|
Beşiktaşın
tarihi zaferi
Beşiktaşlıyım diyen
zihniyetin, tarih sayfasında yazılı olan ve anılarda yer alan oluşumu,
siyah-beyazlıları benzerlerinden çok farklı kılmaktadır. Mevcudiyette varolan
değerlere sahip olmak, ayakta kalmanın kaçınılmaz şartlarındandır. Bugün Beşiktaş’ın
geldiği nokta bunun en güzel göstergesidir. Yedi
yıl sonra şampiyonluk geliyor ve şampiyonluk şarkıları söyleniyor ise, mutlaka
geçmişin izlerinin etkisi var. Birileri 100. yıl aşkını ‘baskı’ olarak
nitelendirse de, tarihin derinliklerinden gelen anlayışın günümüze uyarlanmasının
mutlu sona ulaşmakta büyük etkisi olduğu görülmektedir.
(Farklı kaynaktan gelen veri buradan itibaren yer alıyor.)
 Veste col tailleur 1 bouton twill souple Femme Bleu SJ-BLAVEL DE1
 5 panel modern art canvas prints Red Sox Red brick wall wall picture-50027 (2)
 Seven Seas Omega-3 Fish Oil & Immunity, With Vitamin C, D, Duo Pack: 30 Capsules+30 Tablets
Bundan sekiz sezon önce
siyah-beyazlı ekiple özdeşleşen efsane başkan Süleyman Seba’nın yanında
Şampiyonluk yaşayan Serdar Bilgili, yeni bir başarıya imza attı ise, bunda Beşiktaş’ın
geçmişten gelen çizgisinden ödün vermemesinden kaynaklanan pay çok oldukça fazladır.
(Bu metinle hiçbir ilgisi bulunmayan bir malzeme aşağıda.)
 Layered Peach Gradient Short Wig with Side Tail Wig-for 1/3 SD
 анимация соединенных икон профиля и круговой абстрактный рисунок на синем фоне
Beşiktaşlı yalnız bugünle değil
mazisi ile de her defasında övünür durur. Kazanç sayıp, geçmişin deriliklerine
gidildiğinden, ‘iftihar’ edilmenin nedenleri apaçık ortaya çıkar; ‘1911
yılında Beşiktaş futbol takımının temellerini Şeref Bey atarken, kafalarda tek bir
düşünce vardı o da Fenerbahçe ve Galatasaray ile girilecek rekabette, rakiplerin
üstesinden gelebilmekti...’ Takım bugünkü forma rengi ile kurulduğu yıllarda aynı
değildi, bunun bir tek açıklaması vardı ‘Balkan savaşında verilen kayıpların
anısına renkler içinde bulunan kırmızı-siyah, Balkan
toprakları geri alınıncaya kadar spor alanlarında siyah-beyaz renklerle mücadele
etmeye karar verirdi...’ Şimdi olduğu gibi futbol tutkusunun seyir zevki ile
yılların nasıl geçtiğini o zamanlarda da anlaşılamamıştı. 16 Haziran 1933
tarihinde Fenerbahçe ile oynanan maçın berabere tamamlanıp, Şampiyonluğun tarihi
rakibe kaptırılmasının bir başka anısı, siya-beyazlı ekibe yapılan ‘Kartallar
gibi hücum ediyorlar’ ‘Kara Kartal gibi çelik’ benzetmeleri, bugün kendisine
Kartal denilmesinin en önemli neden teşkil ediyordu. Tribün desteği ve tezahürat coşkusu,
sahadaki mücadelede yer alan güzelliklere de yansıdı. ‘Ali at, Metin at, Haydi
bastır kral Feyyaz sen de at. Ne Fener, ne Cim-Bom, Bu sene de Beşiktaş’ım Şampiyon’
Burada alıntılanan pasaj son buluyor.